- 1 14-ounce package extra-firm tofu, cut into 6 slices crosswise and pressed
- 1/4 cup soy sauce
- 1 tablespoon rice wine vinegar
- 1 teaspoon minced fresh ginger
- 1/2 cup chicken broth
- 1 tablespoon sambal oelek (Southeast Asian chile sauce)
- 1 teaspoon cornstarch
- 1 tablespoon canola or vegetable oil
- 1 small onion, diced
- 1 red bell pepper, thinly sliced
- 1/2 pound cremini mushrooms, sliced
- 1 carrot, julienned
- 2 cloves garlic, minced
- 2 scallions, sliced
- 1/4 cup roasted peanuts, chopped, plus more for garnish
- Cooked white or brown rice, for serving
1. Press the tofu: Lay a clean dishtowel or a few paper towels on a baking sheet or plate. Slice the tofu widthwise into slabs (I like to create 6 slices) and lay them on the baking sheet.
2. Cover with another dishtowel or set of paper towels, then place another baking sheet or plate on top. Then place something heavy on top to help press out the water—books, a stack of bowls or a cast-iron pan all work well. Let sit for at least 30 minutes.

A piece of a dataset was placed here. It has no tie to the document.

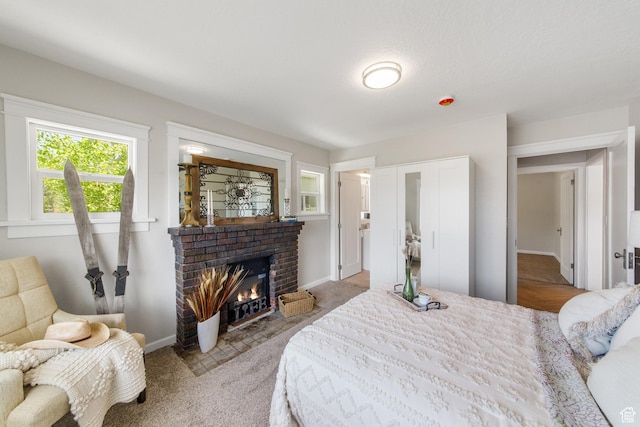 63 E 100 S, Nephi, UT 84648 - carpeted bedroom with a fireplace and baseboards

3. In a resealable plastic bag, combine the soy sauce, rice wine vinegar and ginger. Add the tofu and turn gently to coat. Place in the refrigerator to marinate for about 15 minutes.
4. Preheat the broiler.
5. When the tofu is marinated, arrange in a single layer on an aluminum foil-lined baking sheet. Broil for 10 to 15 minutes, until the tofu is golden. When cool enough to handle, cut into 1/2-inch cubes.

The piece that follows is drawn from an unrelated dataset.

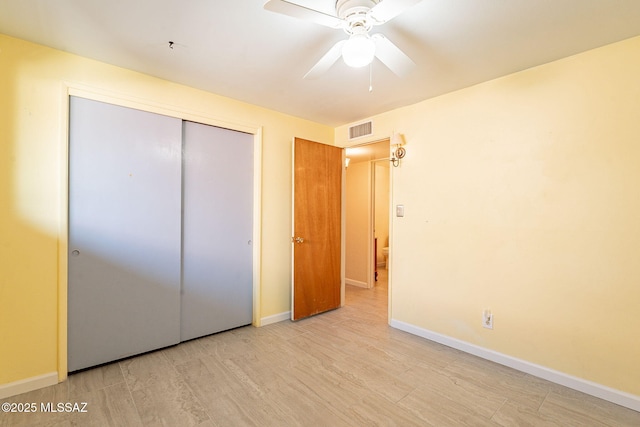 unfurnished bedroom featuring a closet, visible vents, light wood finished floors, and baseboards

6. Meanwhile, pour the leftover marinade into a bowl. Whisk in the chicken broth, sambal oelek and cornstarch and set aside.
7. In a large skillet, heat the canola oil over medium-high heat. Add the onion, red bell pepper and mushrooms. Cook until the vegetables are tender, about 5 to 8 minutes. Add the carrots and garlic and cook, stirring often, for 1 minute. Add the reserved marinade mixture and cook until the sauce thickens slightly, about 1 minute.
8. Remove from the heat and stir in the tofu, scallions and peanuts. Serve over rice garnished with additional peanuts.